The Scots word for "pudding"? To become even more [I]: When living in a student flat, a common occurrence was to look in the fridge and find nothing but ming [1]. We would then exclaim "Oh, I'll have to haggis this"- meaning, chop it up till it was unrecognisable, wrap it in something, and cook it until it became (a) inedible or (b) edible. A second common occurrence was to say "No, can't be haggised. Who fancies some chips?". I still sometimes use haggised to mean, well, hedgehogged. (BTW I think haggis is the collective noun- one hag, two haggi, a pack of haggis. It is used as the term for a cooked hag to confuse people, or possibly make them feel less cannibalistic.)

[1] Backformation from Mancunian "minging", meaning more or less "manky". Another common food item amongst us was "Chicken A La Ming".

From: Natalie Watson

And if you leave the chicken in the fridge a little longer, it will eventually mang, the worst possible sort of ming, which mong and mung being slightly better, and meng being in between.

Date: 8 Dec 2000
From: John Winters

>So a Christmas Pudding (boiled in the cloth) is a variant of haggis?

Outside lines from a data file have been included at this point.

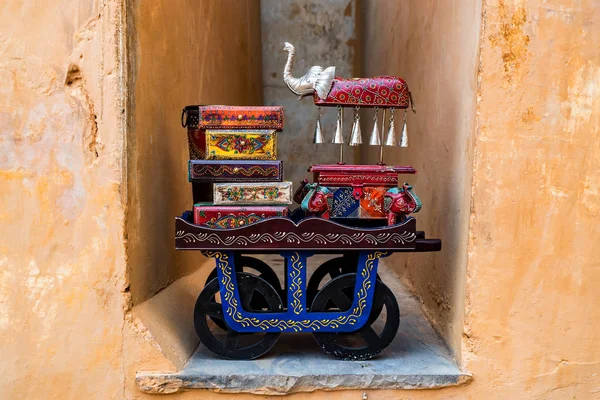 Souvenir decorativi nel forte di Amer a Jaipur, India — Foto Stock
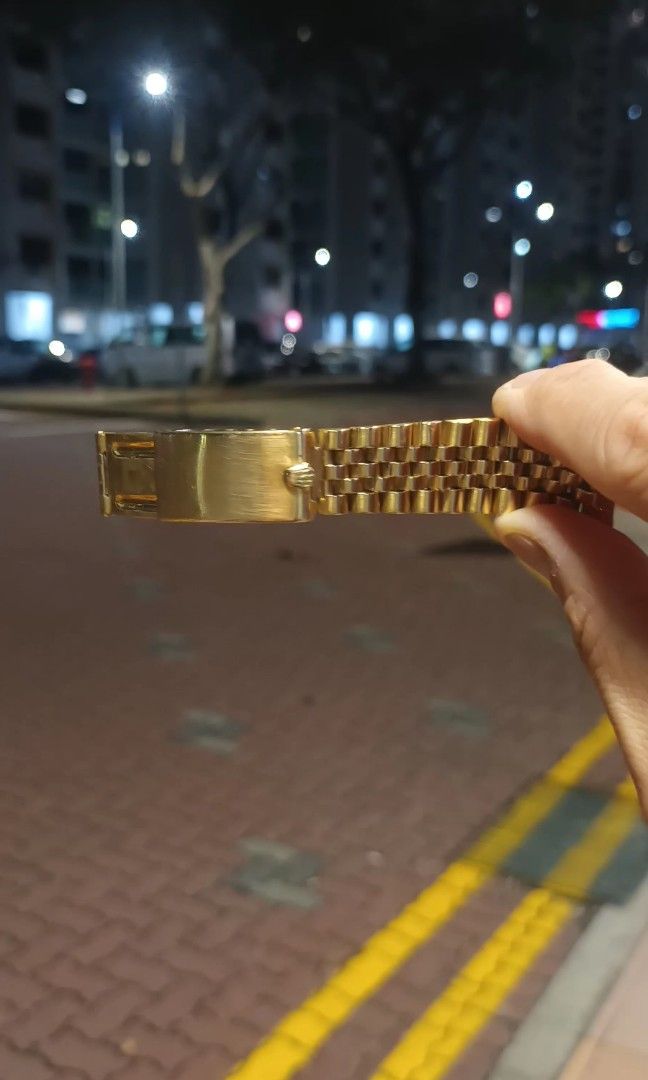 Rolex shop bracelet tightening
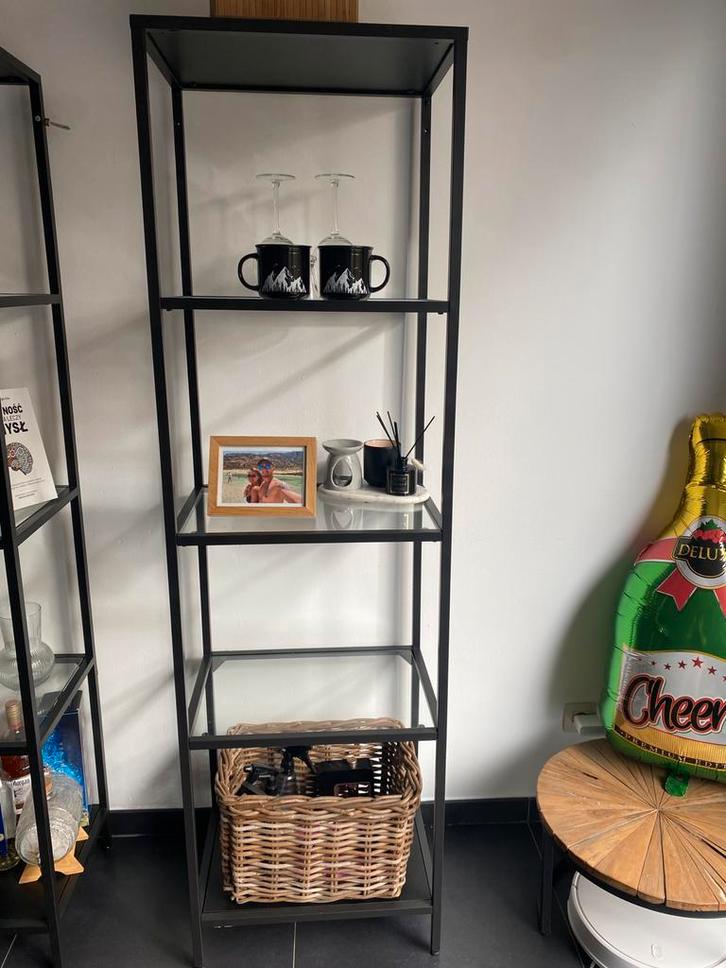 Ikea Vittsjö Glazen Kast, Huis en Inrichting, Kasten | Stellingkasten, Gebruikt, Ophalen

No, wild Christmas puddings have legs of equal length.

Date: 9 Dec 2000
From: Axel Kielhorn

> looking at the label of the (farmed) haggis I have it says it contains pork as the main ingredient.

That doesn't surprise me. Feeding ground up pigs to the haggisim, didn't they learn anything from BSE. What's next? The Mad Haggis Disease?

Another reason to eat only the wild haggis.